[OAI-implementers] Better resumption mechanism - more important
than ever!
Michael L. Nelson
mln@ils.unc.edu
Tue, 5 Mar 2002 10:02:43 -0500 (EST)
actually, the way I see it is the protocol should not be complicated with
additional tokens and such to enforce what ETDCat (and similiarly
large-sized DPs) should do:
1. partition their collection into sets
2. use stateless (or very long lived) resumptionTokens
in 2.0, resumptionTokens will have optional attributes, including
"expirationDate", so this will take the guess work out of knowing how long
a resumptionToken will be valid.
IMO, introducing an optional restartToken is no different (from an
implementer's point of view) than making the resumptionToken last a long
time.
at some point, you (as a harvester) are simply at the mercy of the
repository. new features in the protocol won't change that.
regards,
Michael
On Tue, 5 Mar 2002, 'Alan Kent' wrote:
> I just got some mail from Jeff at OCLC talking about ETDCat (hope
> you don't mind me quoting some of your mail Jeff). In particular,
> he just told me
>
> ETDCat contains a lot of records (over 4 million), all of
> which currently have the exact same datestamp from the initial load.
>
> He also told me that there were no sets. So basically, its all
> or nothing for this site because OAI has no standard way to resume
> if a transfer fails.
>
> If this has happened already, I think its likely to occur again.
> (That is, one very large database all with the same time stamp.)
> So any comments about having a single large collection like this
> is beside the point. The point is OAI does not handle it well.
>
> So I would like to resurrect the discussion again if people don't
> mind on how to do support restarts. My understanding of the general
> feeling so far is
>
> (1) Mandating support is not going to be acceptable
>
> (2) Mandating format of resumption tokens is not going to be acceptable
>
> (3) Mandating resumption tokens be long lifed (eg: can try again the
> following day) is not acceptable
>
> (4) In fact, mandating that resumption tokens be unique (allowing
> a token to be reused twice in quick succession to get the same
> data) is not acceptable
>
> So any proposal needs to be optionally supported.
>
> Question time:
>
> Does anyone else think that this is a major hole in OAI? I personally
> do. After trying to crawl sites, things go wrong. The larger the site,
> the greater the probability that something will go wrong. The larger
> the site, the greater the pain of starting all over again. I do not
> think it is practical for anyone to harvest ETDCat if is really got
> 4,000,000 records. Any fault, and start downloading that 4gb again!

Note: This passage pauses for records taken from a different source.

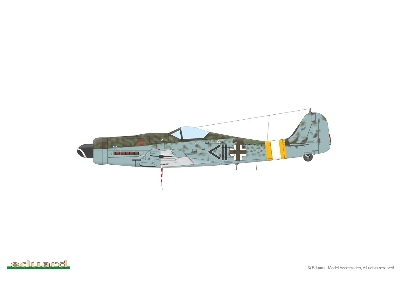 Fw 190D-9 1/48 - image 6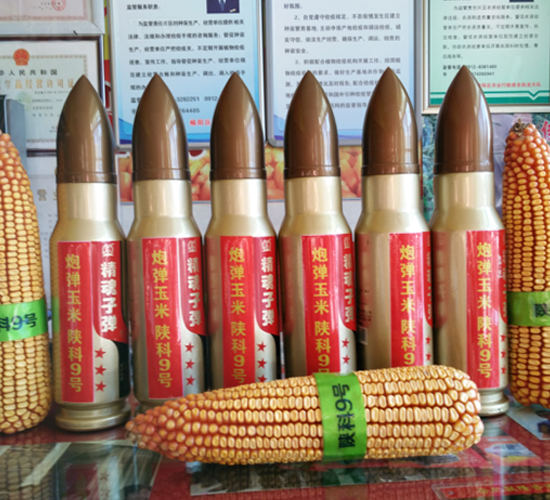 陜科9號-玉米種子-豐樂種業(yè)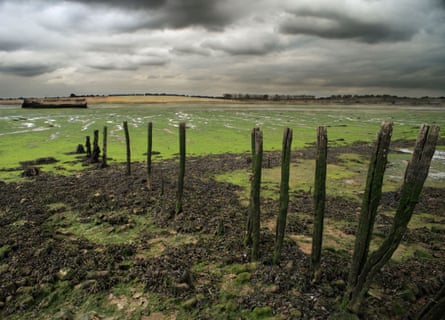 Weathered posts stand in a muddy, algae-covered estuary under stormy skies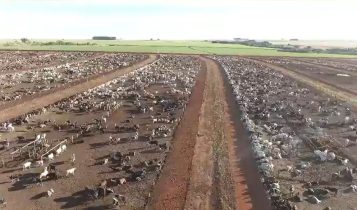 Conheça o confinamento de 44.000 bois que é sucesso no coração de Goiás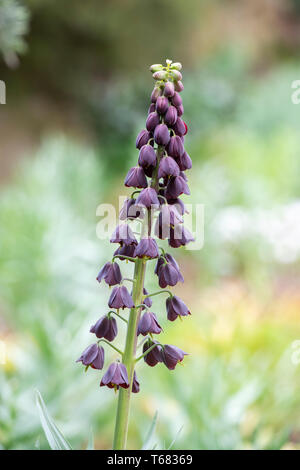 Fritillaria persica. Schwarz persischen Lily. Fritillary Blume. Großbritannien Stockfoto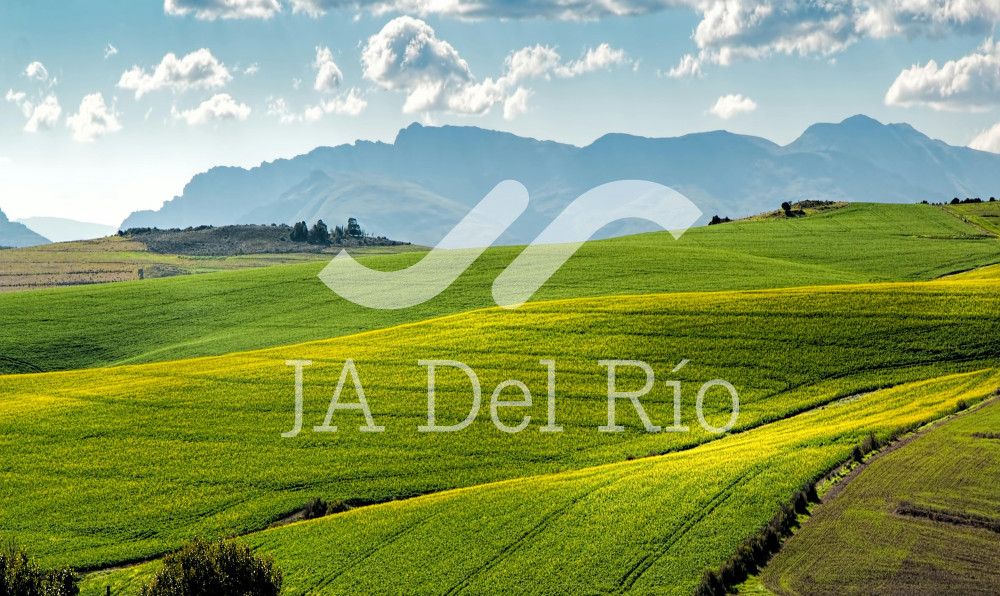 Tax Administration Service [in Spanish: SAT]-Decree regarding employment subsidy in 2024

> So I feel strongly on this one. In fact, I think this is the most
> major problem OAI has.
>
> Do people think its better to reuse resumption tokens for this purpose,
> or introduce a different sort of token? ETDCat for example I think
> allocates a session id in resumption tokens, meaning they cannot
> be reused when the session times out in the server (similar semantics
> anyway). This is a reasonable implementation decision to make.
> So maybe its better for servers to return an additional token,
> which is a <restartToken> which means a client can instead of
> specifying from= and to= again, specify restartToken= instead where
> the server then automatically works out whatever other parameters
> it needs, creates a new session etc internally. The new 'session'
> (ListXXX verb) then can use resumptionTokens to manage that new
> transfer.
>
> The idea is for a <restartToken> to be long lifed. It may be less
> efficient to use than a resumptionToken, but its only purpose is
> if the client fails the download. If a server does not support
> restartToken, it simply never returns one. Large collections *should*
> support restartTokens.
>
> For my harvester, I can then remember (to disk) the restartToken for
> every packet I get back, allowing me to recover much more easily
> if anything crashes. If restartToken's are too hard for someone
> to implement, then they don't. If you have a large data collection
> on the other hand, to reduce network load, I think its probably worth
> the extra effort of supporting restartTokens.
>
> Any comments? Better suggesions?
>
> Alan
> _______________________________________________
> OAI-implementers mailing list
> OAI-implementers@oaisrv.nsdl.cornell.edu
> http://oaisrv.nsdl.cornell.edu/mailman/listinfo/oai-implementers
>
---
Michael L. Nelson
NASA Langley Research Center m.l.nelson@larc.nasa.gov
MS 158, Hampton, VA 23681 http://www.ils.unc.edu/~mln/
+1 757 864 8511 +1 757 864 8342 (f)